De l'autre côté de la porte, il faisait noir. La lumière de la lune, pourtant derrière Alec, n'arrivait pas à entrer. Abasourdi mais curieux, Alec glissa la clé dans sa poche et avança d'un pas prudent, les mains posées sur les murs de chaque côté de lui. C'était un couloir, un long couloir qui ne faisait pas plus de la largeur de la porte.

Oui, il faisait noir. Le seul bruit environnant était celui de ses pas. Et aussi celui de son coeur qui battait à tout rompre. Il marcha. Pendant longtemps sans savoir où il allait, mais toujours convaincu de pouvoir trouver ce trésor au bout du chemin. Il était déterminé, il avait eu raison de croire ce magicien, maintenant qu'il n'avait plus qu'à découvrir ce que ça cachait.

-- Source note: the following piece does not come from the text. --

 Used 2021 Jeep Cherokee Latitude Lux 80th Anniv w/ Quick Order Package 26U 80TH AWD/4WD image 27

Le sol commença à s'incliner, vers le bas, pendant quelques mètres et puis Alec s'arrêta. Sans savoir pourquoi, comme si quelqu'un lui intimait de le faire, il s'arrêta. Il s'accroupit et découvrit les bords d'un gouffre. Il entendait l'écho de sa respiration qui se répercutait le long de la roche. Il attrapa un cailloux par terre et le lança. Puis il attendit. Il attendit d'entendre le son qu'il ferait en touchant le sol. Il attendit encore. Mais rien, il n'entendait que l'écho de sa respiration qui se répercutait le long de la roche. Rien d'autre. Tremblant et peu sûr de lui, il chercha le long des bords pour trouver peut-être une échelle, ou une corde. Rien de ça, mais il sentit des prises au niveau des pierres.

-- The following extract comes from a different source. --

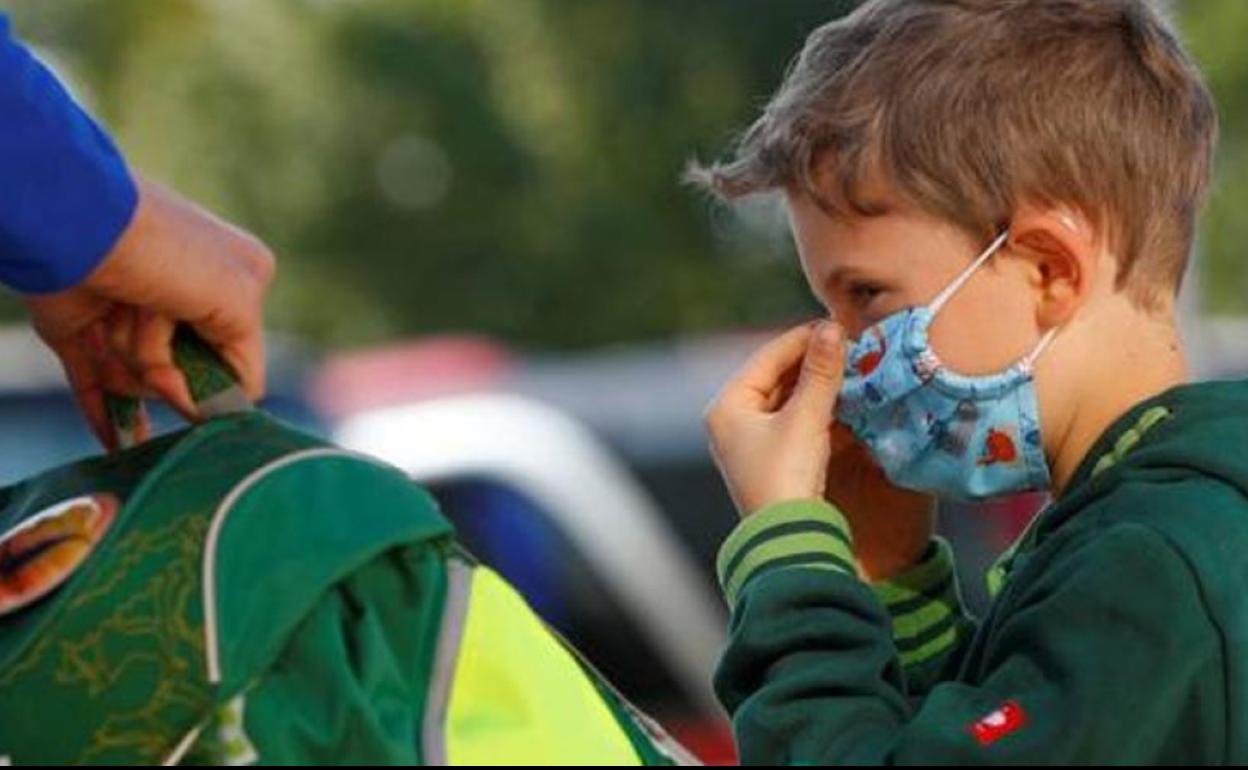 ¿Tienen que llevar siempre la mascarilla los niños cuando viajen en coche?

La peur oppressait son coeur, mais sa résolution faisait bouger ses bras et ses jambes et, après avoir retiré sa cape qui l'aurait encombré, il commença à descendre avec précaution. La descente dura plusieurs minutes, plusieurs dizaines de minutes. Il perdit la notion du temps quand il commença à se dire que ses bras ne faiblissaient pas. Ni ses jambes. Il descendait, portant son poids sur le bout de ses doigts et de ses orteils, et pourtant c'était aussi facile que de marcher.

Il continua longtemps. Mais si la force dans son corps ne diminuait pas, ses paupières commençaient, elles, à se faire lourdes. Il s'était levé tôt le matin, ou la veille ? Et il avait travaillé toute la journée. Par ailleurs, tout ce qu'il avait eu dans l'estomac c'était un malheureux bout de pain. Son corps demandait du repos. Il se mordit la lèvre pour se réveiller un peu, et il commença à compter ses pas.

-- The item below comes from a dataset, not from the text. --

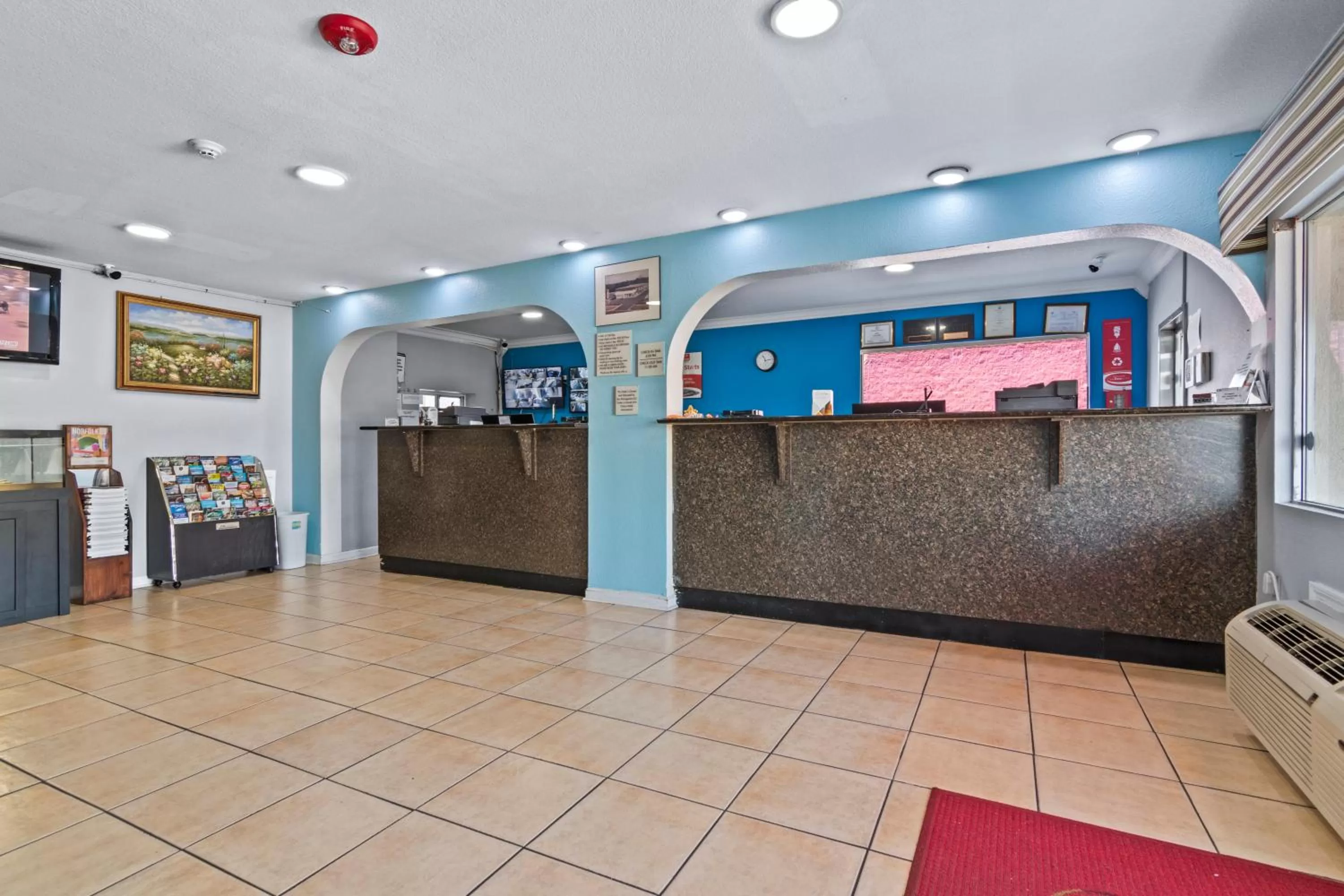Lobby or reception in Econo Lodge Inn & Suites Virginia Beach - Norfolk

Il se perdit après deux milles. Quand il commença à discerner la roche devant lui, puis ses mains et enfin ses pieds en baissant les yeux. Lentement, il avançait dans la lumière. Finalement, il aperçut le sol à une dizaine de mètres en-dessous de lui.

À peine eut-il posé les pieds par terre que ses jambes se mirent à trembler si fort qu'il dut s'asseoir. Il regarda au-dessus de lui, le gouffre ne laissait rien apparaitre de ses secrets. Il s'empêcha de se demander comment il allait remonter, et se releva après quelques minutes. Un nouveau couloir s'étalait devant lui, mais cette fois il voyait où il avançait. Après un virage, il aperçut le bout du tunnel. Une lumière brillante, qui l'éblouit un peu, mais il ne put s'arrêter d'avancer.